- **Problem to solve**: Find, in the records below, the line that contains "111 E Railroad St — Photo 1" and the line that contains "Listing Photo 3". Copy those two lines and everything between them exactly, but not the pictures.

- **Task input**:
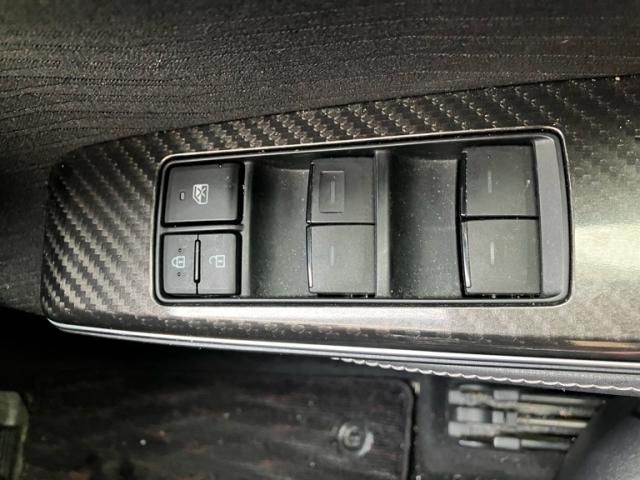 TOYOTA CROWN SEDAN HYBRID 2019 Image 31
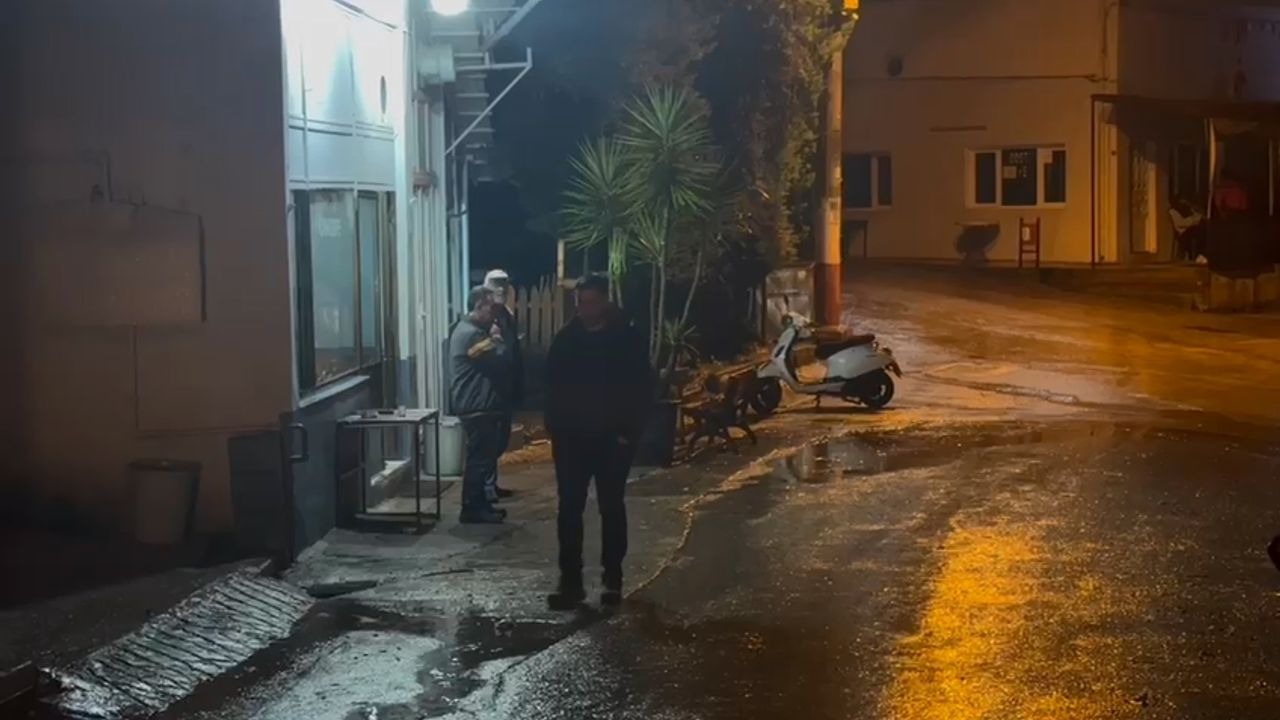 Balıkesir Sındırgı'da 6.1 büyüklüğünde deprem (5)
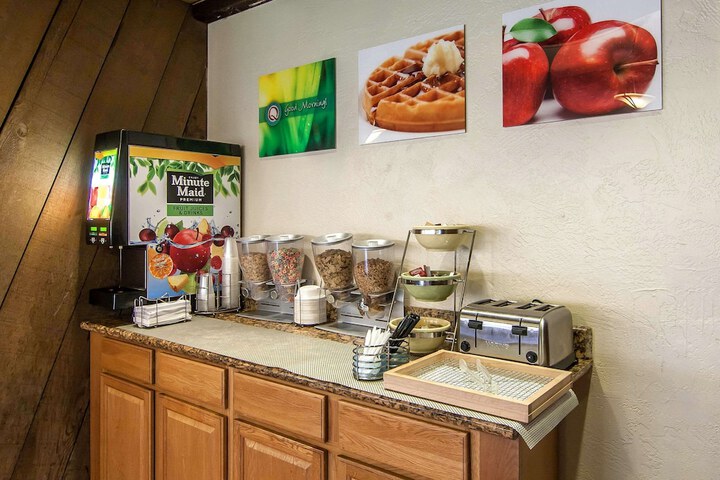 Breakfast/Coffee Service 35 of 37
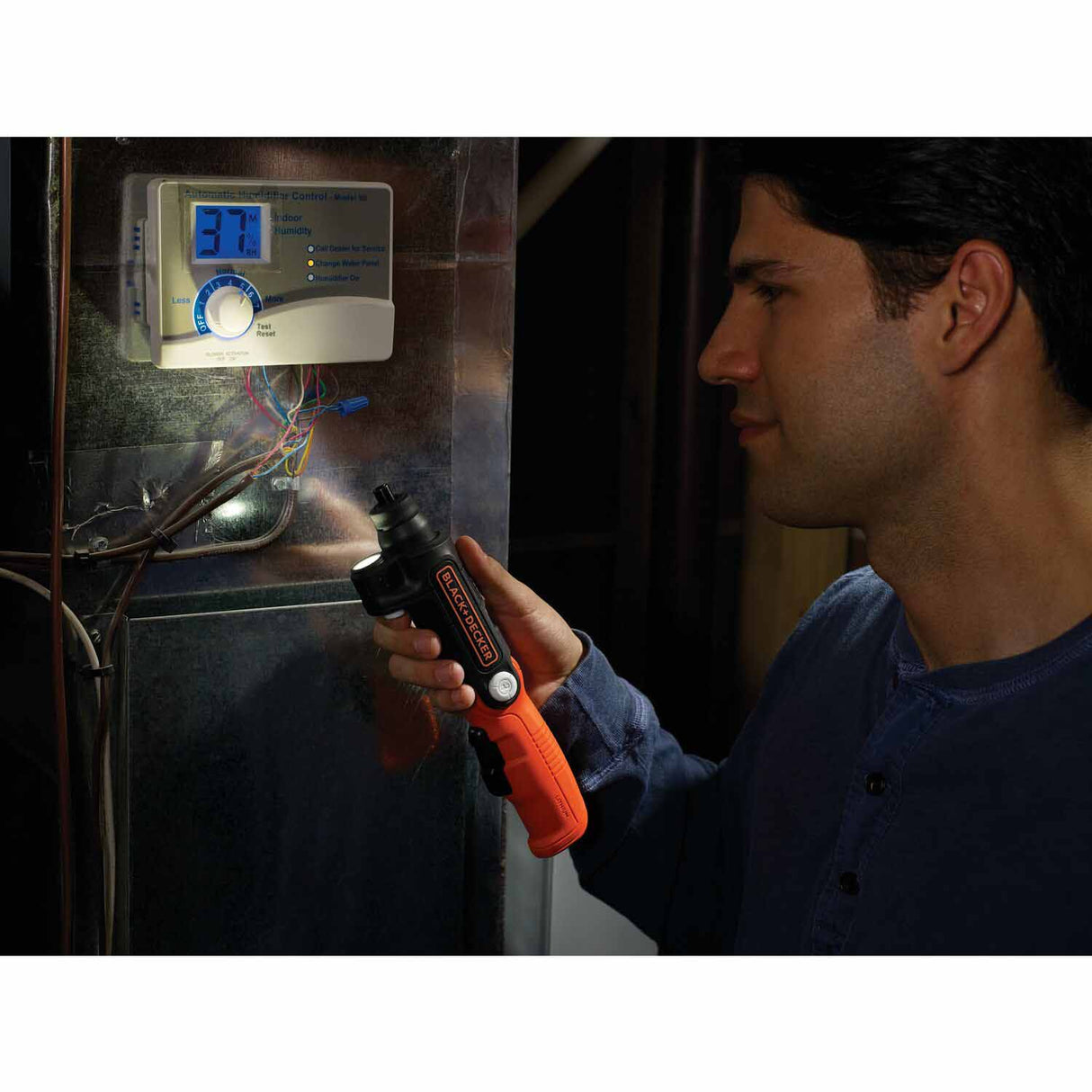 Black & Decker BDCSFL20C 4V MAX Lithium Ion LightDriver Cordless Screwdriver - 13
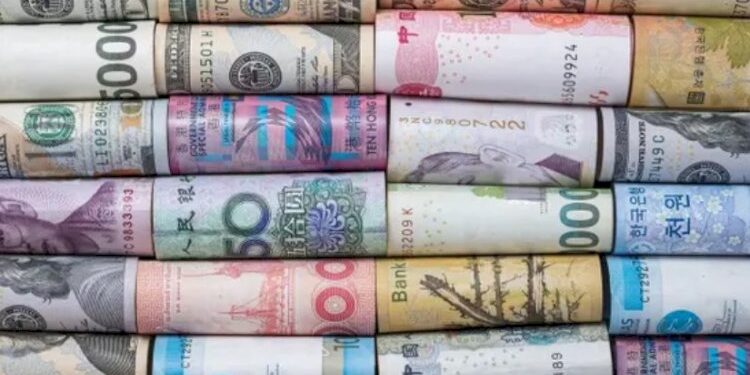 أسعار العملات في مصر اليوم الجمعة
...
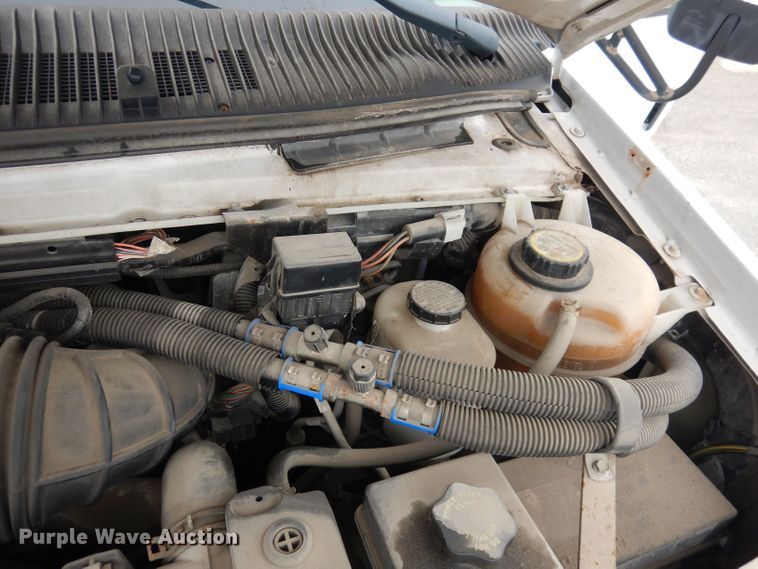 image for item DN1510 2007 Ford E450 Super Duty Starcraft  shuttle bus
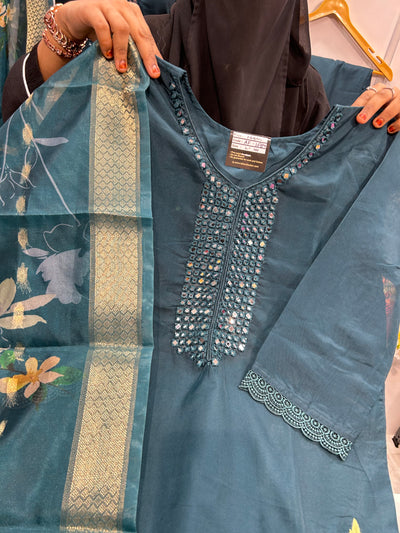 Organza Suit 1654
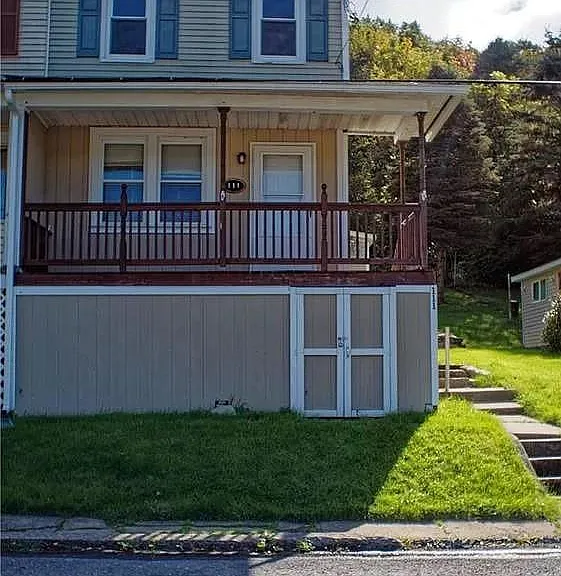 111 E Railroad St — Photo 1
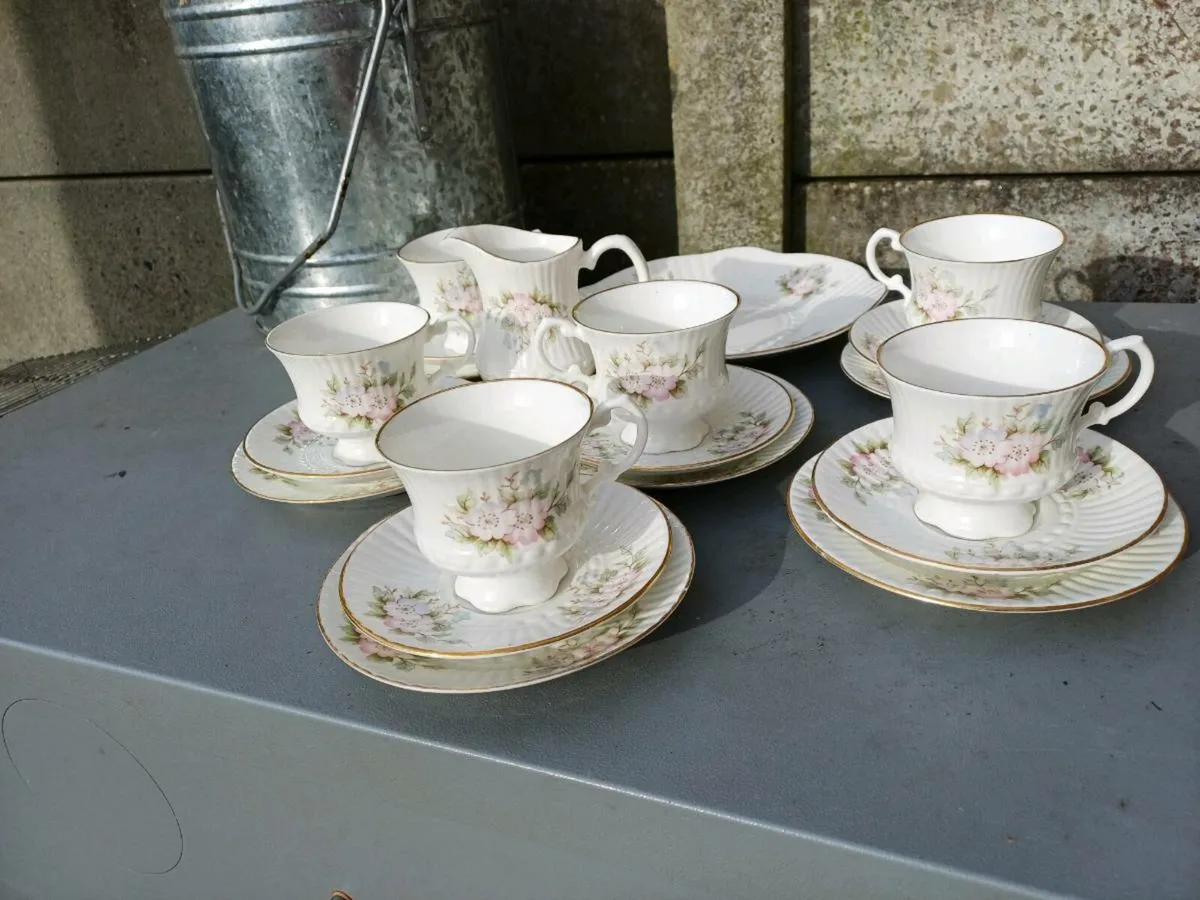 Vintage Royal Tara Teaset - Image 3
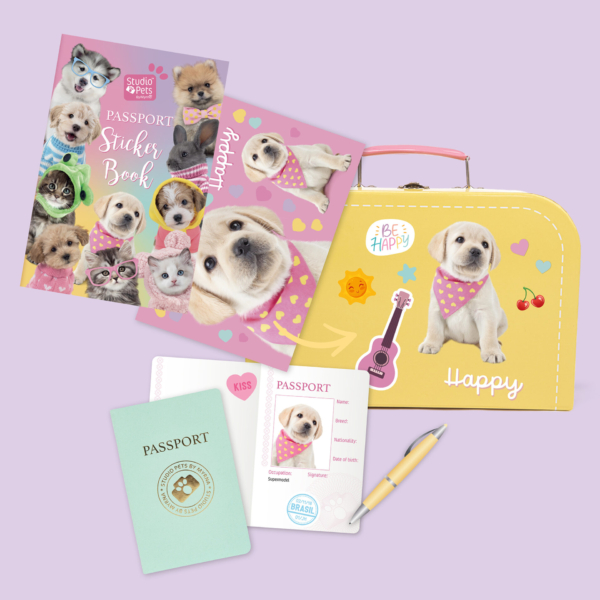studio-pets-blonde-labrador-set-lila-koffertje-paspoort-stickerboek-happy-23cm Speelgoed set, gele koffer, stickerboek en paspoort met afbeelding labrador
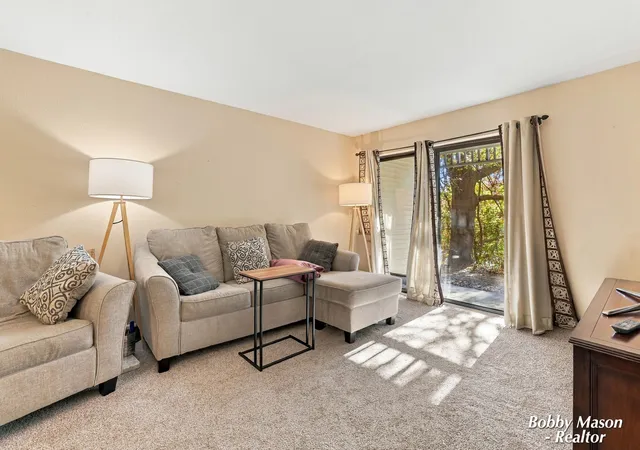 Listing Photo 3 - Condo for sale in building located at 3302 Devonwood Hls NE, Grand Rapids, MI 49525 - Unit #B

- **Response area**:
 111 E Railroad St — Photo 1
 Vintage Royal Tara Teaset - Image 3
studio-pets-blonde-labrador-set-lila-koffertje-paspoort-stickerboek-happy-23cm Speelgoed set, gele koffer, stickerboek en paspoort met afbeelding labrador
 Listing Photo 3 - Condo for sale in building located at 3302 Devonwood Hls NE, Grand Rapids, MI 49525 - Unit #B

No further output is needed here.